- Problem statement -
Line by line, return everything in the listing exactly.
####################
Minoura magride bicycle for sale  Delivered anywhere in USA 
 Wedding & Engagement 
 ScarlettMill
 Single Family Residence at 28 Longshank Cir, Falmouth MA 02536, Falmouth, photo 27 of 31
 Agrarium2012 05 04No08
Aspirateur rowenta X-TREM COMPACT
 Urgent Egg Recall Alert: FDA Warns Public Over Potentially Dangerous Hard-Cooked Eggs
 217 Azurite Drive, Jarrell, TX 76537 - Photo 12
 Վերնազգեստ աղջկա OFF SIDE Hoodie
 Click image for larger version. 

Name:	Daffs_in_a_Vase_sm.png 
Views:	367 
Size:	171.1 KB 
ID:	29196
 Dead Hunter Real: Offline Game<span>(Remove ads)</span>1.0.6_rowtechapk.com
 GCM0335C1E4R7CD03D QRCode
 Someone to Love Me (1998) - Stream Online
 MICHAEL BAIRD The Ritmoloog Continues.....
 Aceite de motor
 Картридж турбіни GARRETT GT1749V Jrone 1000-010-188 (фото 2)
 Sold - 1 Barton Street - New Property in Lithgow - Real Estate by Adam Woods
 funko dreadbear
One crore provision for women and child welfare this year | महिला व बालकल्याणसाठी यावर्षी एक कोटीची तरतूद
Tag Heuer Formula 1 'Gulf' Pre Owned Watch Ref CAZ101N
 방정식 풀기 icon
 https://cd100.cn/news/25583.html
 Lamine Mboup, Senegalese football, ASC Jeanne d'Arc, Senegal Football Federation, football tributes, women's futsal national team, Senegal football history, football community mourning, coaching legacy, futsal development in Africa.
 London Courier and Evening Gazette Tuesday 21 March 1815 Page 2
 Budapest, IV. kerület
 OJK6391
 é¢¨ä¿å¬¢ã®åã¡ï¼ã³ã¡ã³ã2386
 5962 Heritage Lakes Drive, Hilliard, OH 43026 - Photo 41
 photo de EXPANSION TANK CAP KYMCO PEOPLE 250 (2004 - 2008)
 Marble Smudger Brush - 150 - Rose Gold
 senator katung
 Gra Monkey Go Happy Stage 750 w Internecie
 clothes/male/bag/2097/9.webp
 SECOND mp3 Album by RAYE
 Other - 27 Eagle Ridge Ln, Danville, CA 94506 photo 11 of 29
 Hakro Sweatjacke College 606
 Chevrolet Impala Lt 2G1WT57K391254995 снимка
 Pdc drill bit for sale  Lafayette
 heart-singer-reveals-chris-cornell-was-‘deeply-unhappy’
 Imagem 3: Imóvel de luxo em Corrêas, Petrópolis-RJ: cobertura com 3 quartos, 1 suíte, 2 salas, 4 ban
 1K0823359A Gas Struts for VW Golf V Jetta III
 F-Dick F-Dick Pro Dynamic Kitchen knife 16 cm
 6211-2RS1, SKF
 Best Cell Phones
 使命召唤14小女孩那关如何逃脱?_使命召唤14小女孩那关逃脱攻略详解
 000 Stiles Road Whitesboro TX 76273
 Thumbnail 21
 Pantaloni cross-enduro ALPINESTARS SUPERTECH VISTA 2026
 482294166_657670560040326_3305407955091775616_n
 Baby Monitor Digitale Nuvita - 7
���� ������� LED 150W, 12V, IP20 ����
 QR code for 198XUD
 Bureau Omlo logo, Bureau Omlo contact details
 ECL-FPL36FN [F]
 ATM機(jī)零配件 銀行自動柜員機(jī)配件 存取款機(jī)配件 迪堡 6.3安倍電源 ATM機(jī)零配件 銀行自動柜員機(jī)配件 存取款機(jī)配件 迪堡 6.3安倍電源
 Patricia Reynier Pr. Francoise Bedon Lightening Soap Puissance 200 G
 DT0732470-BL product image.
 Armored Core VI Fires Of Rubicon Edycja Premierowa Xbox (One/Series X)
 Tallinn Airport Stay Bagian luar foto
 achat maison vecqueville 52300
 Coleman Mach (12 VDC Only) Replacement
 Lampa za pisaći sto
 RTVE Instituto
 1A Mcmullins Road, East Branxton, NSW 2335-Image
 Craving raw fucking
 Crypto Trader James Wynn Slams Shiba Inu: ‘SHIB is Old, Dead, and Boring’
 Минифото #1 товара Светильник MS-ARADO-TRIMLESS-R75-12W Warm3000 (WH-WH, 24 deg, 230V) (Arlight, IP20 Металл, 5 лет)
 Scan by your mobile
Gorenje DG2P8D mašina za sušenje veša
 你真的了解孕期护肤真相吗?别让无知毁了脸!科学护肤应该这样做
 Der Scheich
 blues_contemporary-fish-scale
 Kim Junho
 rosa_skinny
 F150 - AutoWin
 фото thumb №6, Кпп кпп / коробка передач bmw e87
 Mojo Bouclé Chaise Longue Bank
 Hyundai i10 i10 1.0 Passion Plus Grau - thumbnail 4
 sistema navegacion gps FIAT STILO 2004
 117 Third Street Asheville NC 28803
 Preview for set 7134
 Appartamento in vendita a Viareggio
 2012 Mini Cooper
####################
- Answer to this exercise -
Minoura magride bicycle for sale  Delivered anywhere in USA 
 Wedding & Engagement 
 ScarlettMill
 Single Family Residence at 28 Longshank Cir, Falmouth MA 02536, Falmouth, photo 27 of 31
 Agrarium2012 05 04No08
Aspirateur rowenta X-TREM COMPACT
 Urgent Egg Recall Alert: FDA Warns Public Over Potentially Dangerous Hard-Cooked Eggs
 217 Azurite Drive, Jarrell, TX 76537 - Photo 12
 Վերնազգեստ աղջկա OFF SIDE Hoodie
 Click image for larger version. 

Name:	Daffs_in_a_Vase_sm.png 
Views:	367 
Size:	171.1 KB 
ID:	29196
 Dead Hunter Real: Offline Game<span>(Remove ads)</span>1.0.6_rowtechapk.com
 GCM0335C1E4R7CD03D QRCode
 Someone to Love Me (1998) - Stream Online
 MICHAEL BAIRD The Ritmoloog Continues.....
 Aceite de motor
 Картридж турбіни GARRETT GT1749V Jrone 1000-010-188 (фото 2)
 Sold - 1 Barton Street - New Property in Lithgow - Real Estate by Adam Woods
 funko dreadbear
One crore provision for women and child welfare this year | महिला व बालकल्याणसाठी यावर्षी एक कोटीची तरतूद
Tag Heuer Formula 1 'Gulf' Pre Owned Watch Ref CAZ101N
 방정식 풀기 icon
 https://cd100.cn/news/25583.html
 Lamine Mboup, Senegalese football, ASC Jeanne d'Arc, Senegal Football Federation, football tributes, women's futsal national team, Senegal football history, football community mourning, coaching legacy, futsal development in Africa.
 London Courier and Evening Gazette Tuesday 21 March 1815 Page 2
 Budapest, IV. kerület
 OJK6391
 é¢¨ä¿å¬¢ã®åã¡ï¼ã³ã¡ã³ã2386
 5962 Heritage Lakes Drive, Hilliard, OH 43026 - Photo 41
 photo de EXPANSION TANK CAP KYMCO PEOPLE 250 (2004 - 2008)
 Marble Smudger Brush - 150 - Rose Gold
 senator katung
 Gra Monkey Go Happy Stage 750 w Internecie
 clothes/male/bag/2097/9.webp
 SECOND mp3 Album by RAYE
 Other - 27 Eagle Ridge Ln, Danville, CA 94506 photo 11 of 29
 Hakro Sweatjacke College 606
 Chevrolet Impala Lt 2G1WT57K391254995 снимка
 Pdc drill bit for sale  Lafayette
 heart-singer-reveals-chris-cornell-was-‘deeply-unhappy’
 Imagem 3: Imóvel de luxo em Corrêas, Petrópolis-RJ: cobertura com 3 quartos, 1 suíte, 2 salas, 4 ban
 1K0823359A Gas Struts for VW Golf V Jetta III
 F-Dick F-Dick Pro Dynamic Kitchen knife 16 cm
 6211-2RS1, SKF
 Best Cell Phones
 使命召唤14小女孩那关如何逃脱?_使命召唤14小女孩那关逃脱攻略详解
 000 Stiles Road Whitesboro TX 76273
 Thumbnail 21
 Pantaloni cross-enduro ALPINESTARS SUPERTECH VISTA 2026
 482294166_657670560040326_3305407955091775616_n
 Baby Monitor Digitale Nuvita - 7
���� ������� LED 150W, 12V, IP20 ����
 QR code for 198XUD
 Bureau Omlo logo, Bureau Omlo contact details
 ECL-FPL36FN [F]
 ATM機(jī)零配件 銀行自動柜員機(jī)配件 存取款機(jī)配件 迪堡 6.3安倍電源 ATM機(jī)零配件 銀行自動柜員機(jī)配件 存取款機(jī)配件 迪堡 6.3安倍電源
 Patricia Reynier Pr. Francoise Bedon Lightening Soap Puissance 200 G
 DT0732470-BL product image.
 Armored Core VI Fires Of Rubicon Edycja Premierowa Xbox (One/Series X)
 Tallinn Airport Stay Bagian luar foto
 achat maison vecqueville 52300
 Coleman Mach (12 VDC Only) Replacement
 Lampa za pisaći sto
 RTVE Instituto
 1A Mcmullins Road, East Branxton, NSW 2335-Image
 Craving raw fucking
 Crypto Trader James Wynn Slams Shiba Inu: ‘SHIB is Old, Dead, and Boring’
 Минифото #1 товара Светильник MS-ARADO-TRIMLESS-R75-12W Warm3000 (WH-WH, 24 deg, 230V) (Arlight, IP20 Металл, 5 лет)
 Scan by your mobile
Gorenje DG2P8D mašina za sušenje veša
 你真的了解孕期护肤真相吗?别让无知毁了脸!科学护肤应该这样做
 Der Scheich
 blues_contemporary-fish-scale
 Kim Junho
 rosa_skinny
 F150 - AutoWin
 фото thumb №6, Кпп кпп / коробка передач bmw e87
 Mojo Bouclé Chaise Longue Bank
 Hyundai i10 i10 1.0 Passion Plus Grau - thumbnail 4
 sistema navegacion gps FIAT STILO 2004
 117 Third Street Asheville NC 28803
 Preview for set 7134
 Appartamento in vendita a Viareggio
 2012 Mini Cooper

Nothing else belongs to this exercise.